* **WHAT THIS TASK INVOLVES**
Below are records; print only the lines from the line containing "Vêtements hijab ROUGE" to the end, both included, reproduced exactly and without the pictures.

[Image-caption web data]
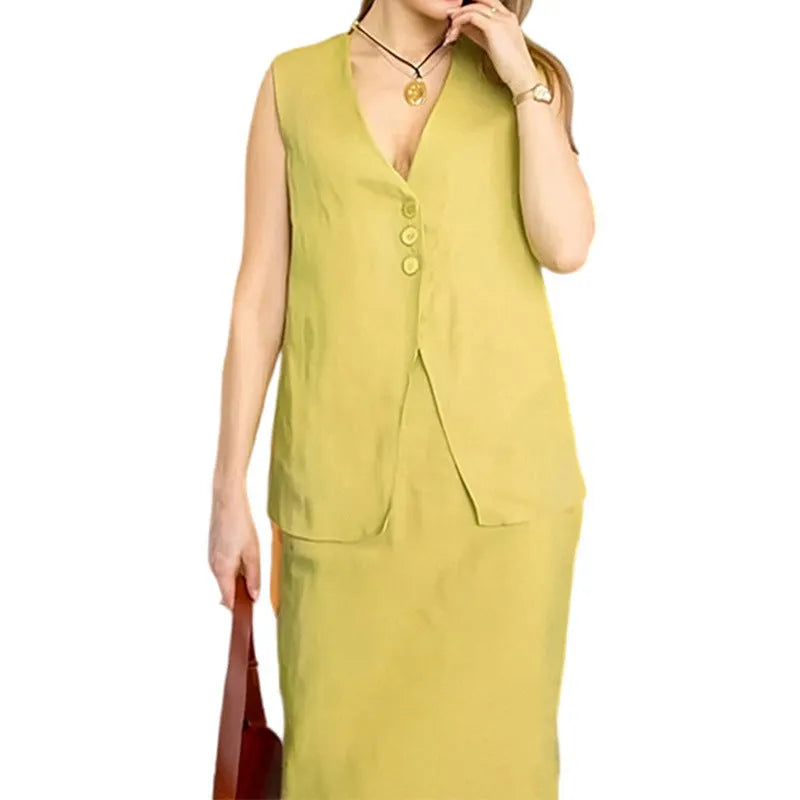 Blue women's two-piece lounge set with sleeveless top and long skirt on a hanger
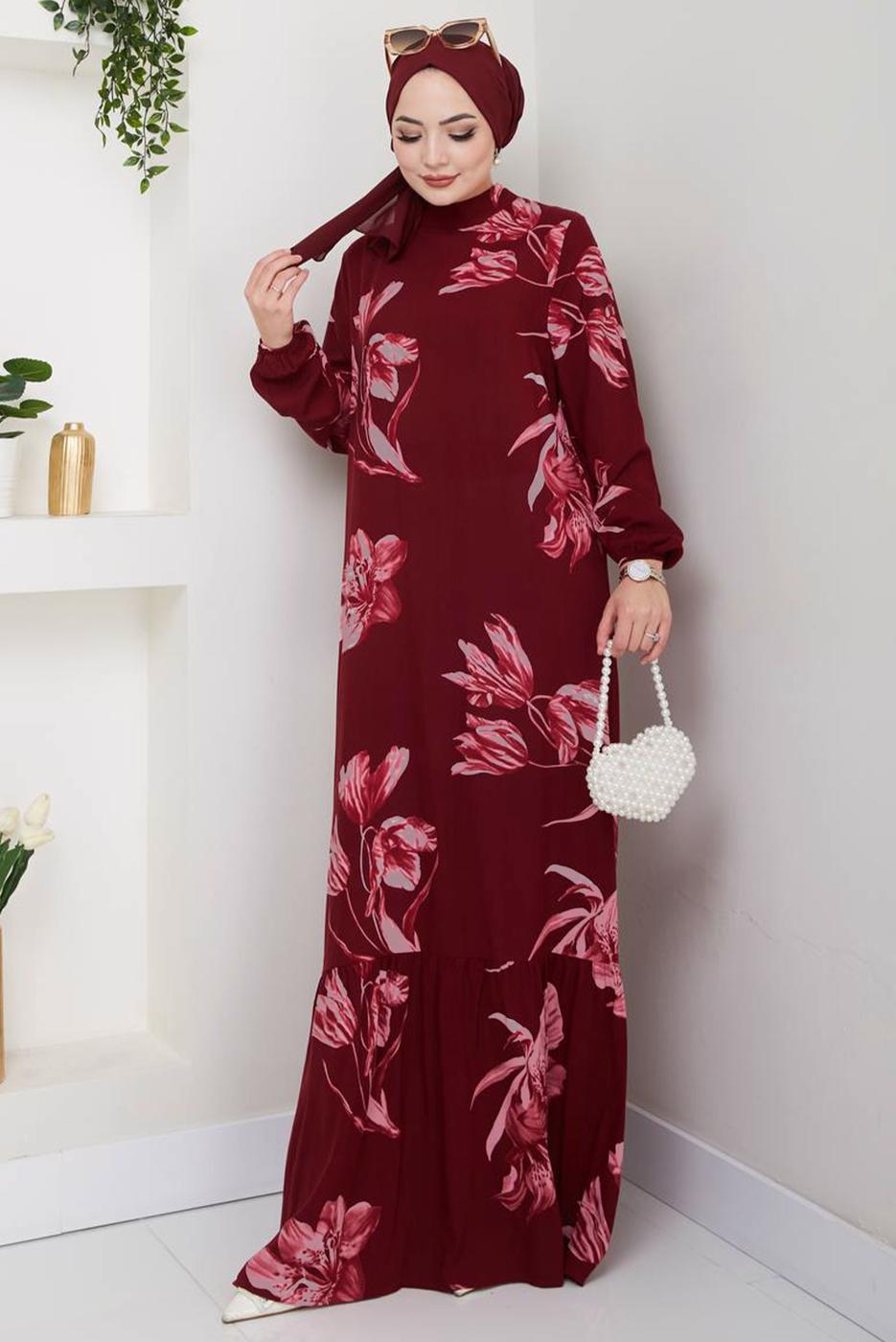 Vêtements hijab ROUGE BORDEAUX ROBE À MOTIFS FLEURS T 3829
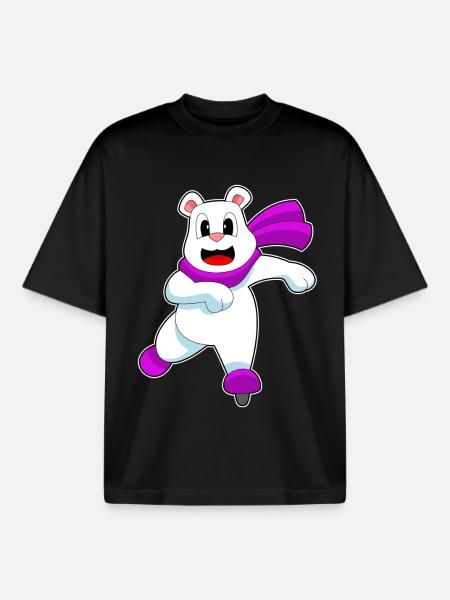 Polar Bear Ice Skating Skates - Boxy Heavyweight Unisex Organic T-Shirt by Stanley/Stella - black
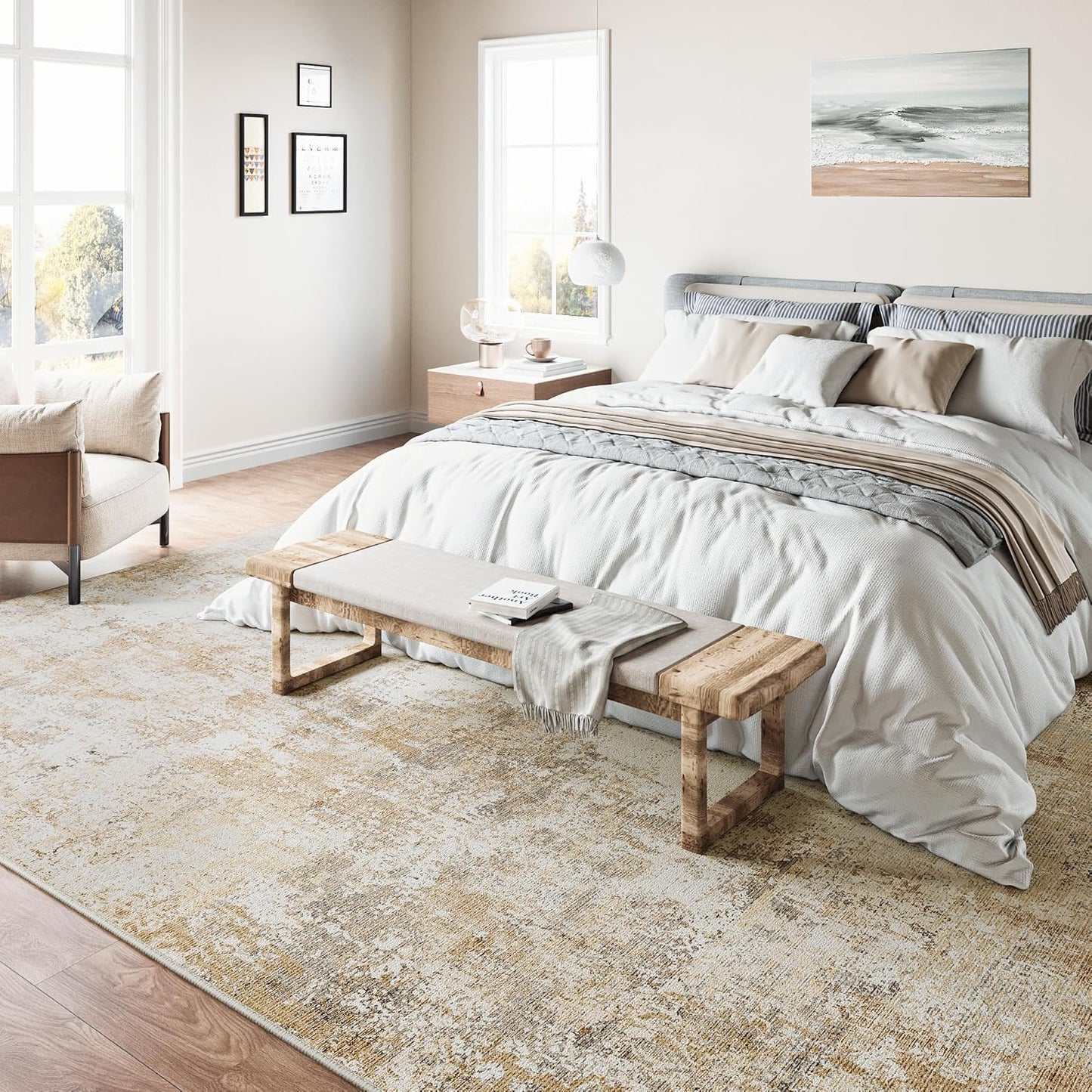 6x9 Washable Area Rug Gold Grey Neutral Abstract Living Room Bedroom Large Throw Rug Non Slip Soft Low Pile Indoor Floor Carpet for Dining Room Kitchen Office Entryway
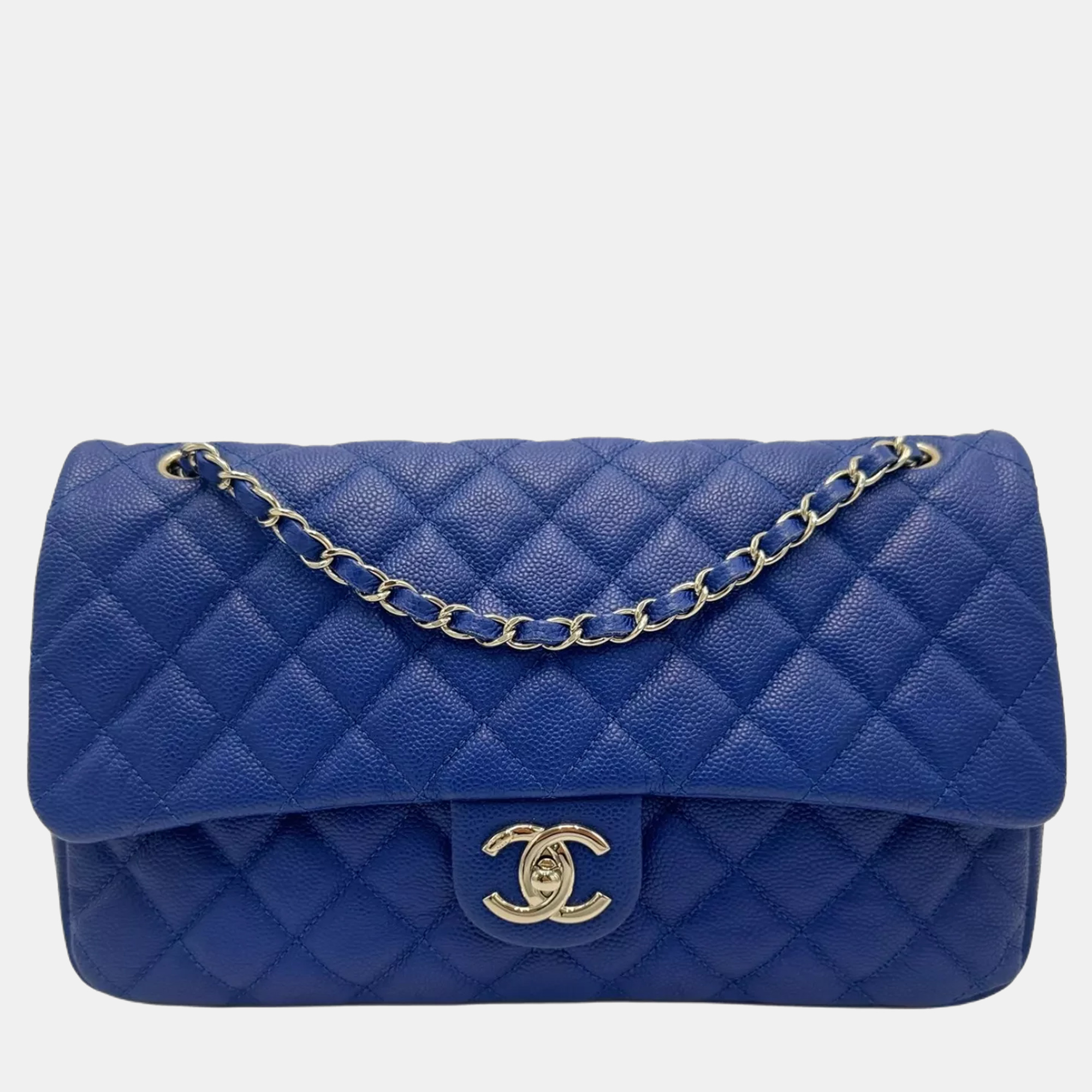 

Chanel Easy Flap Blue Quilted Caviar Leather Chain Shoulder Bag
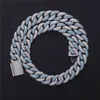 15mm 16/18/20/22/24inch White Gold Plated Ice Out Bling CZ Cuban Chain Necklace Bracelet for Men Women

* **YOUR SOLUTION**
 Vêtements hijab ROUGE BORDEAUX ROBE À MOTIFS FLEURS T 3829
 Polar Bear Ice Skating Skates - Boxy Heavyweight Unisex Organic T-Shirt by Stanley/Stella - black
 6x9 Washable Area Rug Gold Grey Neutral Abstract Living Room Bedroom Large Throw Rug Non Slip Soft Low Pile Indoor Floor Carpet for Dining Room Kitchen Office Entryway

Chanel Easy Flap Blue Quilted Caviar Leather Chain Shoulder Bag
 15mm 16/18/20/22/24inch White Gold Plated Ice Out Bling CZ Cuban Chain Necklace Bracelet for Men Women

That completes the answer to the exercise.